The last duke of the Aegean: Josph Nasi

In 1566, the last Venetian Duke of Naxos, Jakob Crispi, was deposed and imprisoned by the Turks, to whom he had become a tributary since the raids by the Turkish corsair and naval admiral Barbarossa in 1537. The Turkish Sultan Selim II appointed a Jew who came originally from Portugal named Joseph Nasi as Duke of the Aegean. He was a very wealthy and politically ambitious merchant and banker – probably the most politically influential Jew of his time. Nasi only came to the island for a very short time: He had the government carried out by a Spaniard named Francesco Coronello, who was also of Jewish origin but had adopted Christianity, so that he found favour with the Catholic families of the island; but he was also accepted by the orthodox Greeks of the island and proved to be the most popular “regent” in the history of the duchy.

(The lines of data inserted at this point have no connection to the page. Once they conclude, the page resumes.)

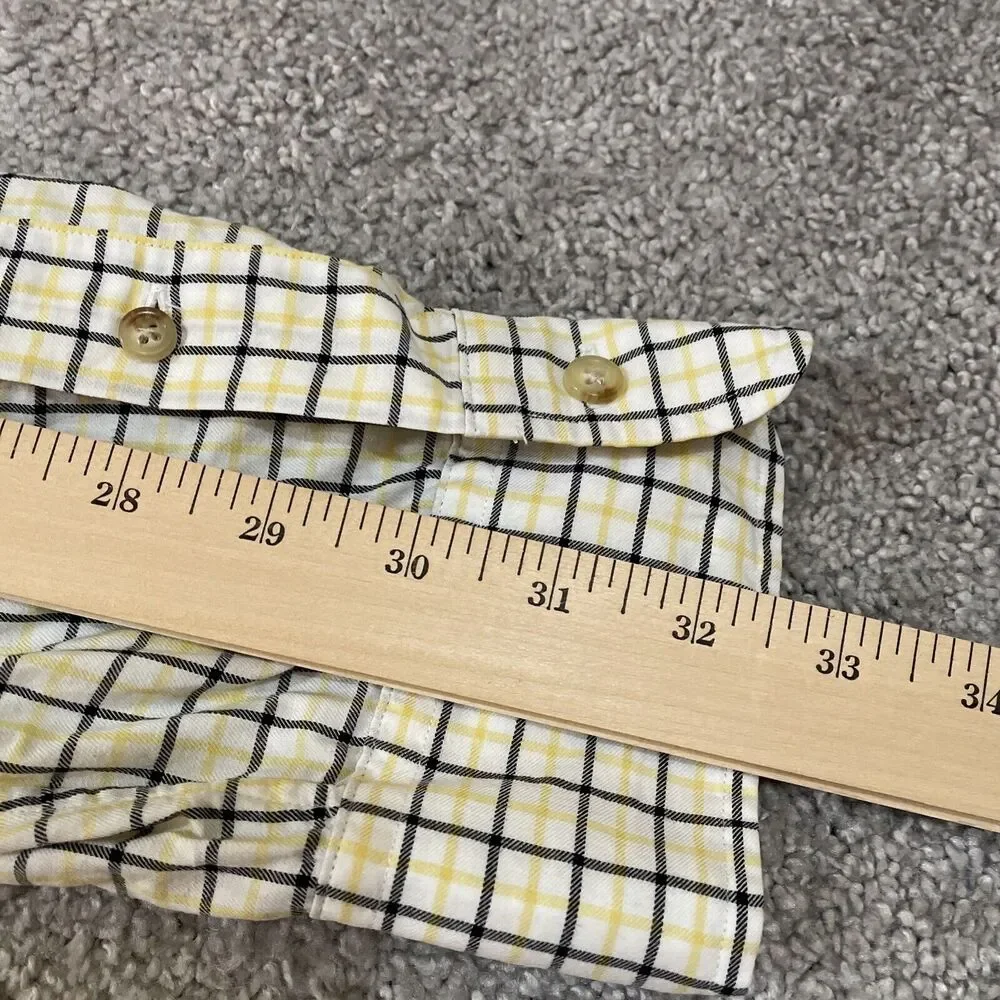 Polo Ralph Lauren Button Up Shirt Mens Extra Large Plaid 100%‎ Cotton Yellow
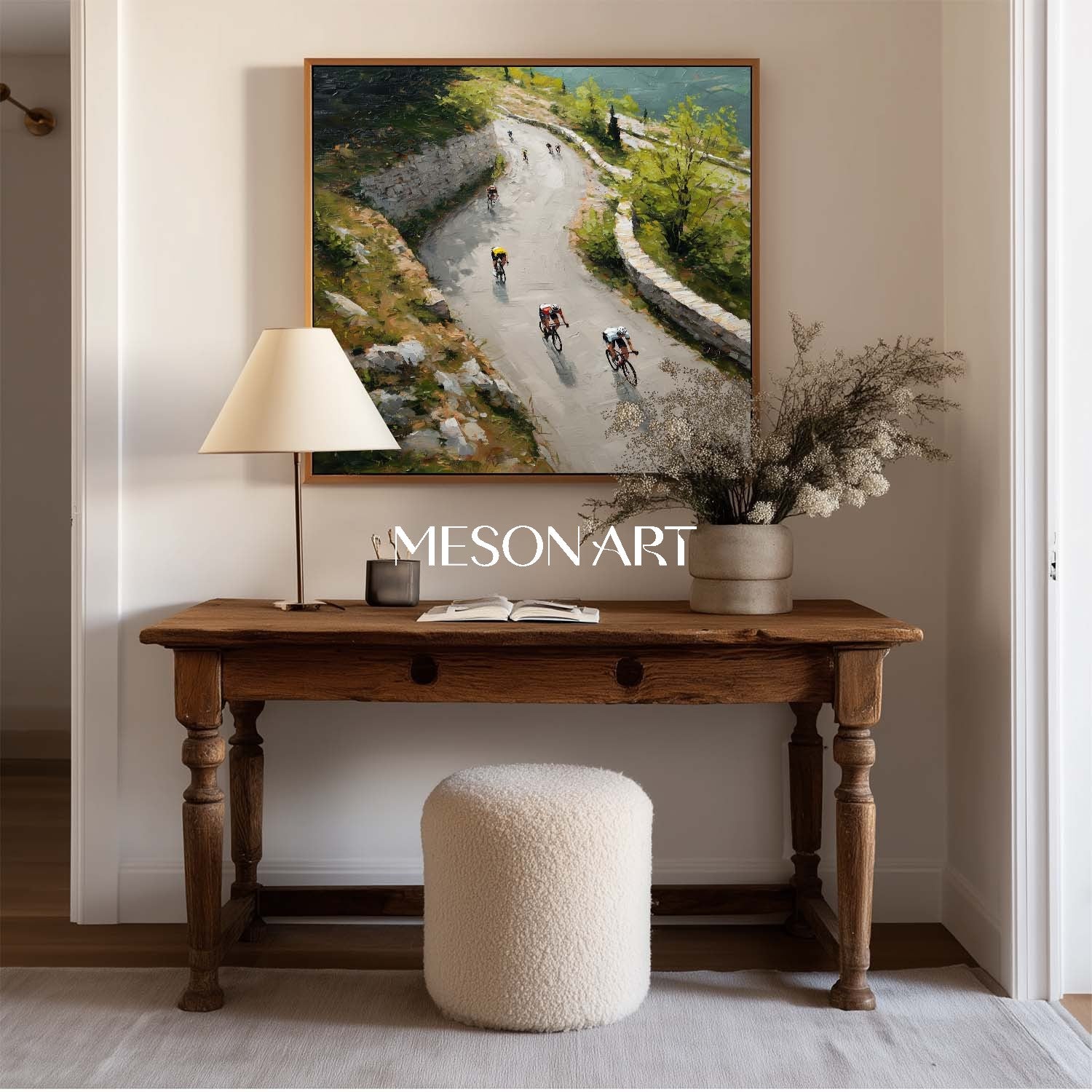 Original Sport Landscape Wall Art Textured Framed Canvas Entryway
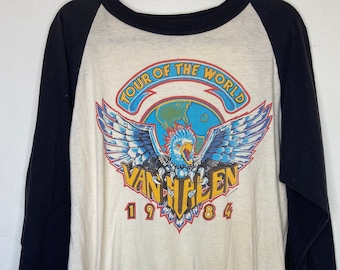 Vintage 1984 Van Halen Tour of The World Baseball Ragland T-Shirt
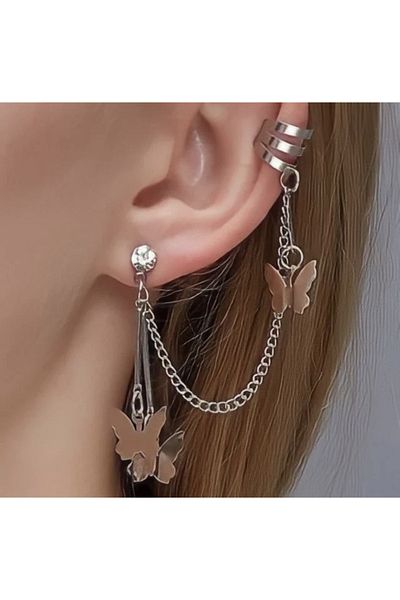 Köstebek Dangle Butterfly Cartilage Wrap Earrings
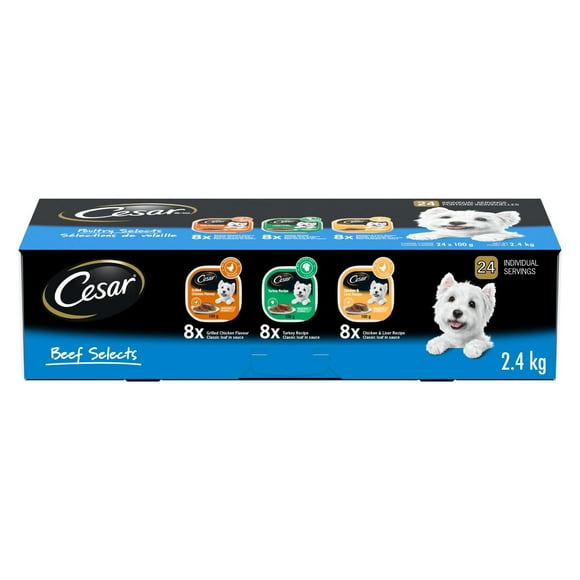 Cesar Adult Classic Loaf In Sauce Poultry Selects Variety Pack Soft Wet Dog Food, 24x100g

Duke Joseph Nasi, supported by the sultan’s wife, Cecilia Venier-Baffo, a Catholic nobleman’s daughter from Paros who had been kidnapped by the Turkish pirate Barbarossa, ensured that no Turks were allowed to settle on Naxos, meaning that the Ottoman rule had comparatively little impact on the island. The Naxiotes were granted some freedoms, e.g. they were allowed to walk with a lantern after dark, to practise their religion (with restrictions) and to bequeath their property. On the other hand, this exceptional position meant that the feudal system remained in place in the duchy even under Ottoman rule, instead of the villages being governed by councils of elders, as was customary in the Ottoman Empire. Joseph Nasi died in 1579; soon afterwards the Duchy of the Aegean was dissolved and Naxos was incorporated directly into the Ottoman Empire.

Naxos in the Ottoman Empire

Over the next two centuries, the Greek population continued to strive to win some rights from their Catholic lords. Gradually, they achieved some successes, e.g. they no longer had to perform forced labour in the emery mines, which had previously belonged to the Venetian lords but which were now transferred to the Ottoman government, and they managed to ensure that no paidomázoma (forced recruitment of boys) was carried out on Naxos. In 1621, the feudal system was officially abolished on Naxos. However, the Catholic families continued to own the land and it was still a long time before the situation of the suffering population improved. As late as 1835, i.e. after the liberation of Greece, the farmers of Apiranthos reported to a German geologist that they had to give two thirds(!) of their harvest to the Catholic landowners (instead of the usual tenth).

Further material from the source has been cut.